— Data extracts —

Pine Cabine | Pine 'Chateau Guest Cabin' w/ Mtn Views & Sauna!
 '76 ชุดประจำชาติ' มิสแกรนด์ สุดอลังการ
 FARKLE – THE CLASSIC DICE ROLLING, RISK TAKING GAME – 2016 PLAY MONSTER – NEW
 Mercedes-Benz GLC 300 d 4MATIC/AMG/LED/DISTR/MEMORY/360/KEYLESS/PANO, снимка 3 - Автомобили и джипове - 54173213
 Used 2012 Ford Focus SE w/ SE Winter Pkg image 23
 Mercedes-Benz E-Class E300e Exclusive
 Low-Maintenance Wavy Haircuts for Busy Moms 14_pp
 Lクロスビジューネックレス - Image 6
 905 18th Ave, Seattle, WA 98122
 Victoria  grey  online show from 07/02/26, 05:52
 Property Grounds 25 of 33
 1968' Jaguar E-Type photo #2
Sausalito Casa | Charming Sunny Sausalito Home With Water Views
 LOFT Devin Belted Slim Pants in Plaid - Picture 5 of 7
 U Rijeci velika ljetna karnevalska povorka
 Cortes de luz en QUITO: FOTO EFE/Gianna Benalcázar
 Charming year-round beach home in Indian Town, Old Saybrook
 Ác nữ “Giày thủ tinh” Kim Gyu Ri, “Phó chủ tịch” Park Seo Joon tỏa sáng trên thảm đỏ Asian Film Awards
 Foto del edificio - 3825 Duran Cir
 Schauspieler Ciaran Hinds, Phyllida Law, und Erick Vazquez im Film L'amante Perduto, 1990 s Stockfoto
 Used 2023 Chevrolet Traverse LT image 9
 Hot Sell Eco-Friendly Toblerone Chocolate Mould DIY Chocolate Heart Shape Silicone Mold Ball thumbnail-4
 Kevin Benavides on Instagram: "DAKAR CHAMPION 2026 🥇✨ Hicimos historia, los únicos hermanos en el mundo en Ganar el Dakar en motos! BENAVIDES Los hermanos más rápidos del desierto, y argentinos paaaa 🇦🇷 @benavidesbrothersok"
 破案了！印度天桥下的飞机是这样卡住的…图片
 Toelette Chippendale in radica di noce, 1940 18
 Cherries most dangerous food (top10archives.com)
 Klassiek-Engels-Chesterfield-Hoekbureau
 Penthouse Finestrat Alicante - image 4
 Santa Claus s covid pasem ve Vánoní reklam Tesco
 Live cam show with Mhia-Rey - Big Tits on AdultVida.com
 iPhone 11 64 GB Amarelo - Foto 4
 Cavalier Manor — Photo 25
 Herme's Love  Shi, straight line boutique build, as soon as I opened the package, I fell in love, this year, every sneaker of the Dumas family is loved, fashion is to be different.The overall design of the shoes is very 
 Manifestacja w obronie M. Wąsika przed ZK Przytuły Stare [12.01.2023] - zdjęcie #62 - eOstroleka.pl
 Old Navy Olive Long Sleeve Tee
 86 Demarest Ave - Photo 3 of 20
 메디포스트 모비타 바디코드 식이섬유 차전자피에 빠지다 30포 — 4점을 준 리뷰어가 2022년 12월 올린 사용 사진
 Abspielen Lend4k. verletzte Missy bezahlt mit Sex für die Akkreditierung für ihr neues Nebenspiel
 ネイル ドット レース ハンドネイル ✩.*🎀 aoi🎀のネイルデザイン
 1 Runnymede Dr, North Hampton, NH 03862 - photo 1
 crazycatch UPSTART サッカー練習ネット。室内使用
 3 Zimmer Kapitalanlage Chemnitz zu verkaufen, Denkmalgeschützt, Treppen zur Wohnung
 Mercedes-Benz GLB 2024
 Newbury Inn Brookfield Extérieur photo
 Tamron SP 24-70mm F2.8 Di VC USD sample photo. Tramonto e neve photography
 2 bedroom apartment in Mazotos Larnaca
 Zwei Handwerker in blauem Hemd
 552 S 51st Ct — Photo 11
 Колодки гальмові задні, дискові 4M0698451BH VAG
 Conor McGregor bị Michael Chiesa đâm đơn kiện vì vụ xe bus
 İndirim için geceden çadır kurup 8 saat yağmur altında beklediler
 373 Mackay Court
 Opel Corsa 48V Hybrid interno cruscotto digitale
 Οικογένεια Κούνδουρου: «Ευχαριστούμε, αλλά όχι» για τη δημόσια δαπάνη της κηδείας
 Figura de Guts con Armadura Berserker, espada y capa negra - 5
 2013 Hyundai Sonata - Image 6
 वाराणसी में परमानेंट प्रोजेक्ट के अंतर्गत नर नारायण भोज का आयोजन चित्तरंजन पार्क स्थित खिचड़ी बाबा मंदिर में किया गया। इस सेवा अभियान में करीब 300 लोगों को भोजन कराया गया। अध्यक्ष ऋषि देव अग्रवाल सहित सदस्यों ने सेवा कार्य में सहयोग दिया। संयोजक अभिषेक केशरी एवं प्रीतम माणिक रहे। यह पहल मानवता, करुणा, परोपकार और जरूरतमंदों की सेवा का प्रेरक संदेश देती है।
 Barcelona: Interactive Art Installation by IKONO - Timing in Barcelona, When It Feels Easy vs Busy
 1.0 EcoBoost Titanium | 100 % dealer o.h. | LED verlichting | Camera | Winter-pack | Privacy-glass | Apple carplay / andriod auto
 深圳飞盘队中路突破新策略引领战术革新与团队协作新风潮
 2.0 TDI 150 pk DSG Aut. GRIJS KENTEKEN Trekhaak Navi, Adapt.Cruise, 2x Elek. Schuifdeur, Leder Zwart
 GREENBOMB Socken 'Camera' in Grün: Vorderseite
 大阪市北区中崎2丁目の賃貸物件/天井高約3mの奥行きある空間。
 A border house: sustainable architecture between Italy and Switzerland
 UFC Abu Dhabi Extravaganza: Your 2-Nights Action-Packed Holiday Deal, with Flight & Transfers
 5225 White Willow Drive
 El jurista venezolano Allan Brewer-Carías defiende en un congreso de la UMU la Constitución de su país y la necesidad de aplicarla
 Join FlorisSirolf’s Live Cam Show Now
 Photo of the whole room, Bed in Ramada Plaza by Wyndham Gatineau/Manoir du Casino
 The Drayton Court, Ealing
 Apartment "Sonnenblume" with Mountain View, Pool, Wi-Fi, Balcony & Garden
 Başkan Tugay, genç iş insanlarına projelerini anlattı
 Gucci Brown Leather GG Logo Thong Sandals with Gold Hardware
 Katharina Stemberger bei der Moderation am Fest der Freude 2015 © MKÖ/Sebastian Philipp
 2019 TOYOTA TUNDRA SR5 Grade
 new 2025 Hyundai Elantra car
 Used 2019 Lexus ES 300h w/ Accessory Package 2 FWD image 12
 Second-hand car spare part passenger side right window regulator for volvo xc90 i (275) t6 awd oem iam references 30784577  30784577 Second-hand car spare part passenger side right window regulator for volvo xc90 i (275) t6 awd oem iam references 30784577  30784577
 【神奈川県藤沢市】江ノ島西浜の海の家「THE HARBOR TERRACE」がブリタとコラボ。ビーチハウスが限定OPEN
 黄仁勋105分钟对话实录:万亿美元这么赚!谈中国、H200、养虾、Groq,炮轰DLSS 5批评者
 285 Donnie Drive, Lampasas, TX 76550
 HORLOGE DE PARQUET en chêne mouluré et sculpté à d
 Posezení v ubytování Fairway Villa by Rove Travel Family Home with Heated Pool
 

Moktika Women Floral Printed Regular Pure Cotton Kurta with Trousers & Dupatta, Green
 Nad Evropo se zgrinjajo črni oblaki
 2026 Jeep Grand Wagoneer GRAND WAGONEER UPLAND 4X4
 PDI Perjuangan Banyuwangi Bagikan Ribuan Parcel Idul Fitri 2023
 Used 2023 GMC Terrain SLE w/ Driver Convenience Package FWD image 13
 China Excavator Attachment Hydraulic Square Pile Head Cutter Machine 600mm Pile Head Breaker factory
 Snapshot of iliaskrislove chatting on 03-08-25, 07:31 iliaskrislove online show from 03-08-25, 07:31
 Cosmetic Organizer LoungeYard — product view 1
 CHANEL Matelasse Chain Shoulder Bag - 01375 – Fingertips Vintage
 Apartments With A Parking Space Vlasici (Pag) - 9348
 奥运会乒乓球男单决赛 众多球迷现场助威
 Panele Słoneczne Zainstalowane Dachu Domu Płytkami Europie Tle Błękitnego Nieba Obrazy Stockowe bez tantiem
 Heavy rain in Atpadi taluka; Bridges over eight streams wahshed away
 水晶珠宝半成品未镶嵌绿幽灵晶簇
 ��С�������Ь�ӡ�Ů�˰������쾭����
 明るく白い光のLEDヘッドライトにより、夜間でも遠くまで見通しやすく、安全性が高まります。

— Directions for this task —
Once you reach the line with "Cortes de luz" in the data above, copy it and every line after it exactly, up to and including the line with "Hot Sell Eco-Friendly".

— Response box —
 Cortes de luz en QUITO: FOTO EFE/Gianna Benalcázar
 Charming year-round beach home in Indian Town, Old Saybrook
 Ác nữ “Giày thủ tinh” Kim Gyu Ri, “Phó chủ tịch” Park Seo Joon tỏa sáng trên thảm đỏ Asian Film Awards
 Foto del edificio - 3825 Duran Cir
 Schauspieler Ciaran Hinds, Phyllida Law, und Erick Vazquez im Film L'amante Perduto, 1990 s Stockfoto
 Used 2023 Chevrolet Traverse LT image 9
 Hot Sell Eco-Friendly Toblerone Chocolate Mould DIY Chocolate Heart Shape Silicone Mold Ball thumbnail-4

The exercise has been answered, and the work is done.